Travelling In Style
Any city hopper worth his bath salts will tell you: it’s the items you bring to a hotel room that’ll make it a home away from home
An empty hotel room is a blank canvas. Pillows plumped, hangers unburdened and drawers empty, it lies incomplete, waiting for that missing ingredient – a guest to make it his own. The Wythe Hotel sits on the Williamsburg waterfront in Brooklyn, New York in an old factory building that was constructed in 1901. As far as blank canvasses go, it’s a good one, with 70 bright, tastefully decorated rooms that welcome the influence of their temporary inhabitants.
In our photo story, “Home From Home”, MR PORTER took a cab over the Williamsburg Bridge with a couple of suitcases – Tumi and Globe-Trotter – packed with what we consider to be the bare necessities for a comfortable hotel stay. Clothes that can handle the rigour of travel are there, of course, as are a selection of toiletries and stationery.
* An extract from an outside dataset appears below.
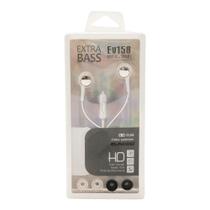 Fone de Ouvido P3 EV158 Branco - Elmcoei Fone de Ouvido P3 EV158 Branco - Elmcoei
But we also included a few personal touches – accessories, books, and other bits and pieces – to help the jet-setters among us feel at home.
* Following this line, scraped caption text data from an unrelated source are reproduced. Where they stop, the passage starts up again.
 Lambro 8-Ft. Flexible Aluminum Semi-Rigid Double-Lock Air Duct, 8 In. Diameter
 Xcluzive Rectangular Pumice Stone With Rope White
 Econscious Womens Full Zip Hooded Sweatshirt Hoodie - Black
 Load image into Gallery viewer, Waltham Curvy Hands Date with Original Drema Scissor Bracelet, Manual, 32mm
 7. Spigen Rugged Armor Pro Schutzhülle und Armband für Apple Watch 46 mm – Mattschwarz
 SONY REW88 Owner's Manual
Any seasoned hotel guest understands the importance of a few homely details. Ms Coco Chanel, who spent decades at the Ritz in Paris, went to some lengths to personalise her suite, bringing in her own furniture, keeping fresh flowers, and installing one of her favourite coromandel-wood folding screens. “Just the basics are enough, when tasteful, to make even the most banal room personal,” a 1937 edition of Vogue reported on Ms Chanel’s stay. The rooms at The Wythe are far from banal – but even the most elegantly designed room will never feel quite like your own.
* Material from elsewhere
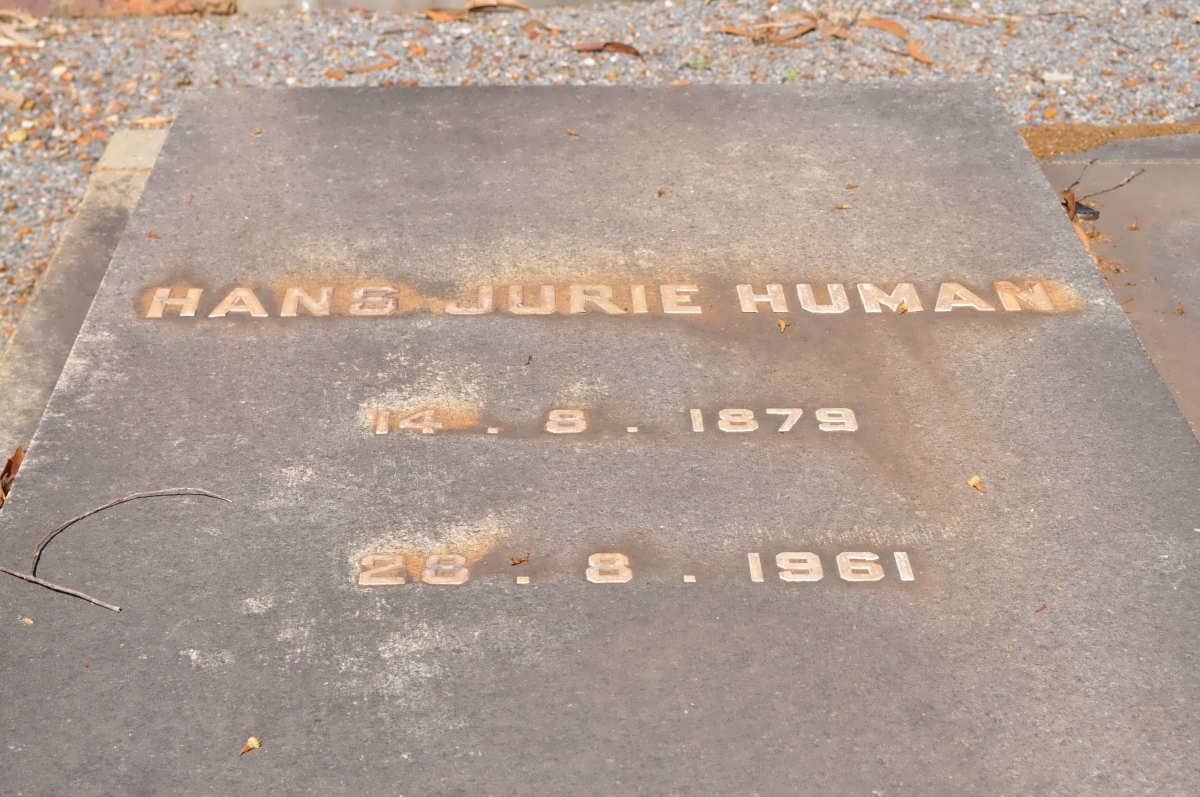 HUMAN Hans Jurie 1879-1961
It’s the small things that make the biggest difference: the scent of the hand soap, the fit of the slippers, or even the tone of the alarm clock. Waking up in a bed that’s not yours is alienating enough; being jolted out of sleep by a foreign buzzing sound only makes it worse. Men are creatures of habit, and anyone who travels regularly should look to these little details for a dose of familiarity and a much-needed link to home.
In MR PORTER’s case, we never leave home without packing a “London” candle from Tom Dixon’s Eclectic range, infused with the scent of crocuses, nettles and red housebricks. We usually stop short of packing a coromandel-wood folding screen, but there is a favourite oversized cashmere throw from Armand Diradourian that, despite its bulk, always seems to make the cut.
Hotels provide stationery, often of a good quality, but there’s nothing quite like the familiar scratch of the nib of a well-used fountain pen. Similarly, hotel robes and dressing gowns can never quite match up to the comfort of a pair of ready-packed pyjamas.
And of course, nothing sums up the alienating hotel experience better than the sight of a selection of miniature toiletries, so we prefer to bring a small wash bag packed with a selection of our own, which includes a shaving kit from D R Harris, complete with badger bristle shaving brush, and a grooming kit from Czech & Speake.
Any further personal touches – whether it’s a framed photograph, a favourite coffee mug, or, indeed, a coromandel-wood folding screen – can and should be added at your discretion. While not as vital as a toothbrush and a fresh change of clothes, they’re important in their own way. These are the kind of things that make a home from home, and turn the drudgery of regular travel into something to be savoured and enjoyed.